Top of RECORDS FOR THIS TASK

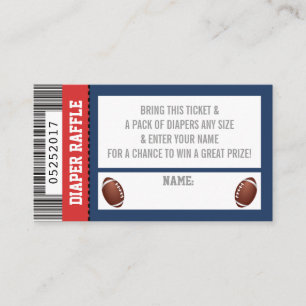 Carte D'accompagnement Billet de tombola de couche-culotte, sports, baby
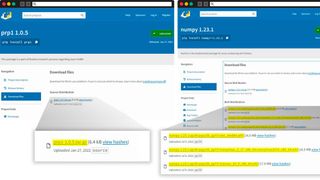 Enthält ein Python-Paket nur eine tar.gz-Datei, so resultiert selbst der simple „pip download“-Befehl in automatisierter Code-Ausführung. (Bild: Checkmarx / pypi.org)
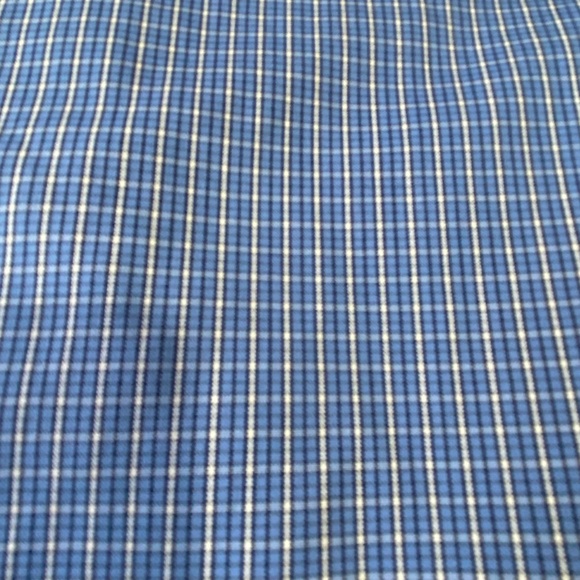 Eddie Bauer Mens Blue Cotton Lightweight Wrinkle Free Relaxed Fit Shirt- Sz-L - Picture 3 of 15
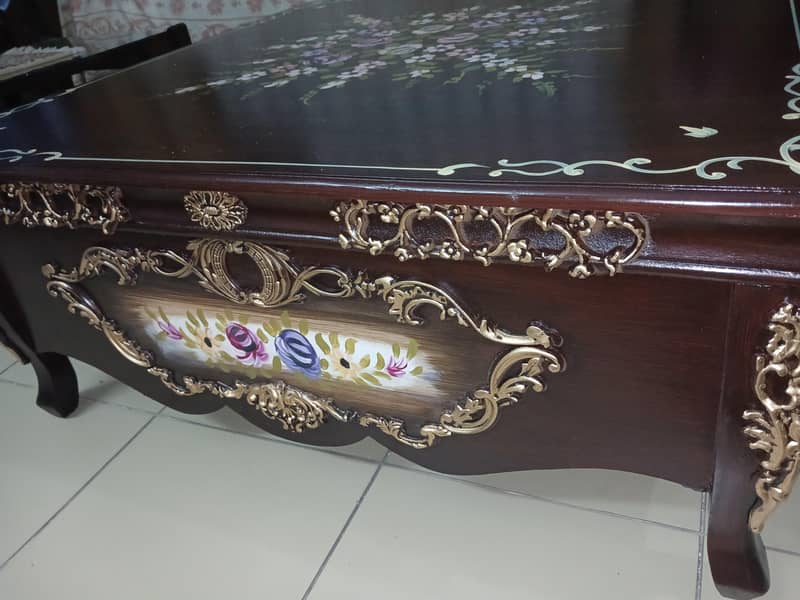 hand painted table 2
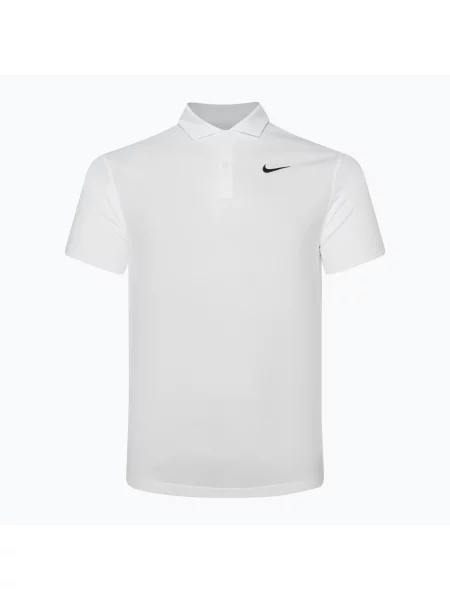 Koszulka tenisowa Nike Court Dri-Fit Polo Solid white/black biała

Bottom of RECORDS FOR THIS TASK

* TASK DESCRIPTION *
Nothing is needed beyond an exact transcription of the lines from the one containing "Eddie Bauer Mens" to the end of the entries above, with the pictures omitted.

* RESPONSE TO THIS EXERCISE *
 Eddie Bauer Mens Blue Cotton Lightweight Wrinkle Free Relaxed Fit Shirt- Sz-L - Picture 3 of 15
 hand painted table 2
 Koszulka tenisowa Nike Court Dri-Fit Polo Solid white/black biała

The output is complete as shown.